Treat the line with "またお待ちしてます☺️" as the starting point. Write it out and every line after it through the end of the listing below, exactly.
----- Information shown
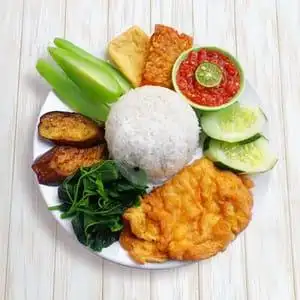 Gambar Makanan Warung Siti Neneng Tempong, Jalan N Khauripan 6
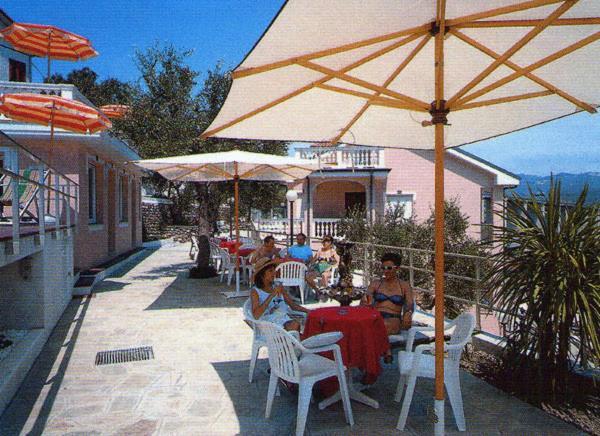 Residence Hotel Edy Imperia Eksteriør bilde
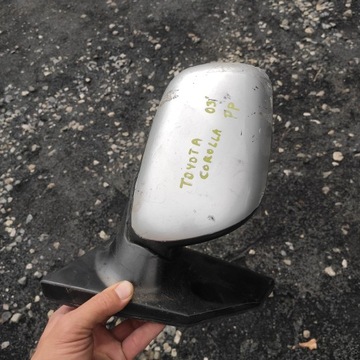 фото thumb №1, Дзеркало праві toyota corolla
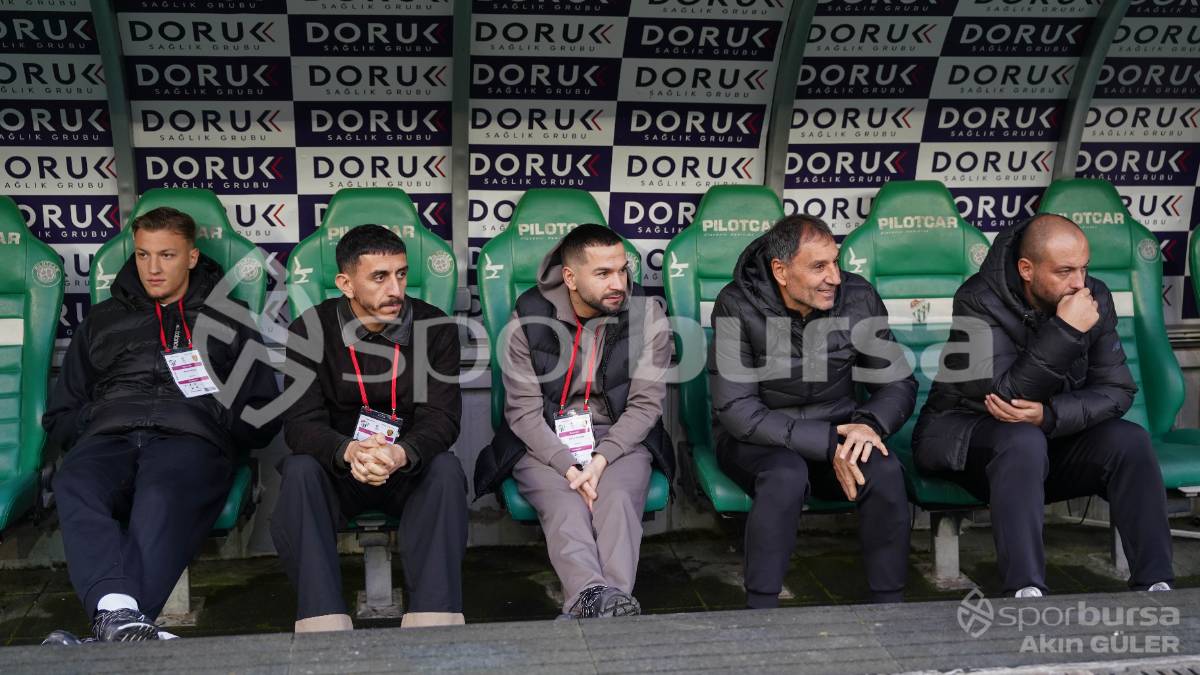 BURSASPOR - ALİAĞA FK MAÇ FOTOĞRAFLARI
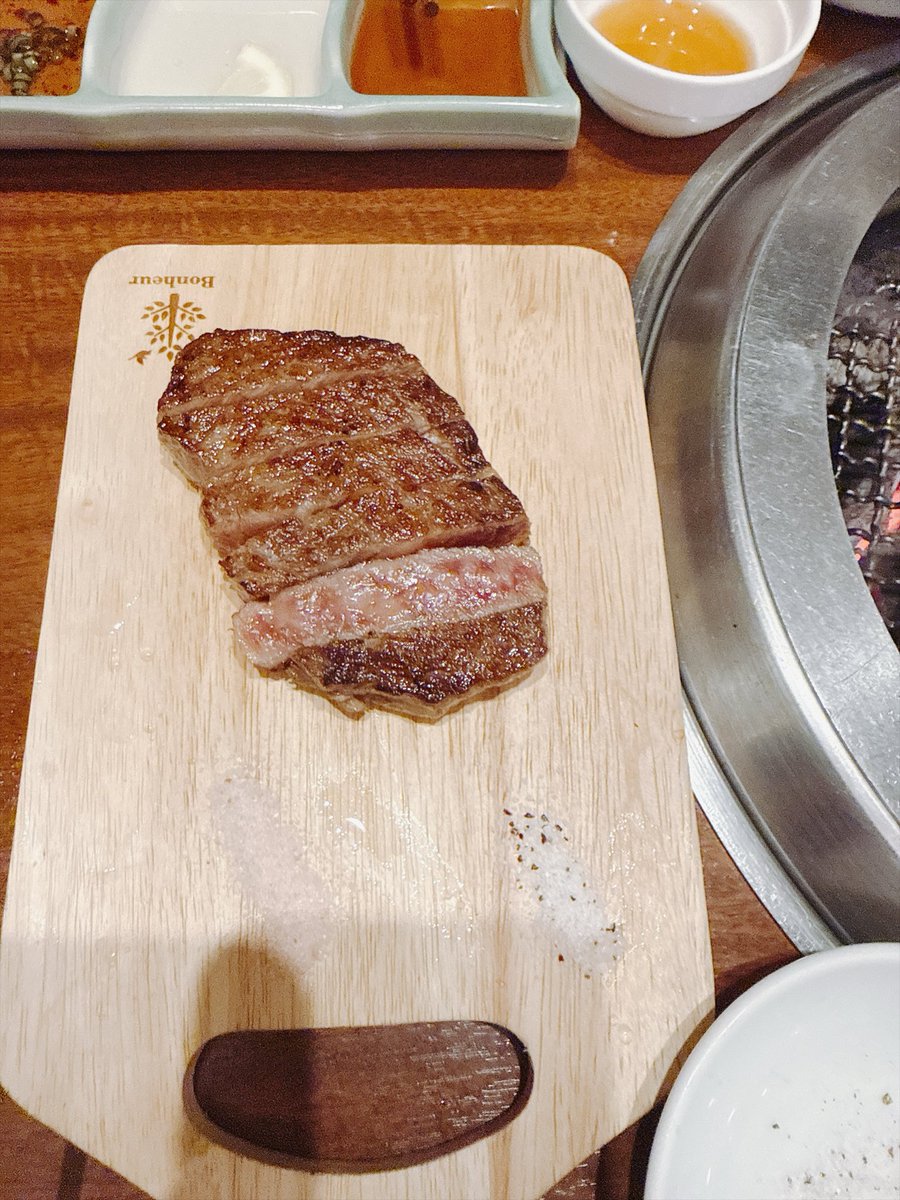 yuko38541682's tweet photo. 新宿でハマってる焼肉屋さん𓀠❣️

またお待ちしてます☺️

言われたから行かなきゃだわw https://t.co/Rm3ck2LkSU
----------
• Solution for this task:
またお待ちしてます☺️

言われたから行かなきゃだわw https://t.co/Rm3ck2LkSU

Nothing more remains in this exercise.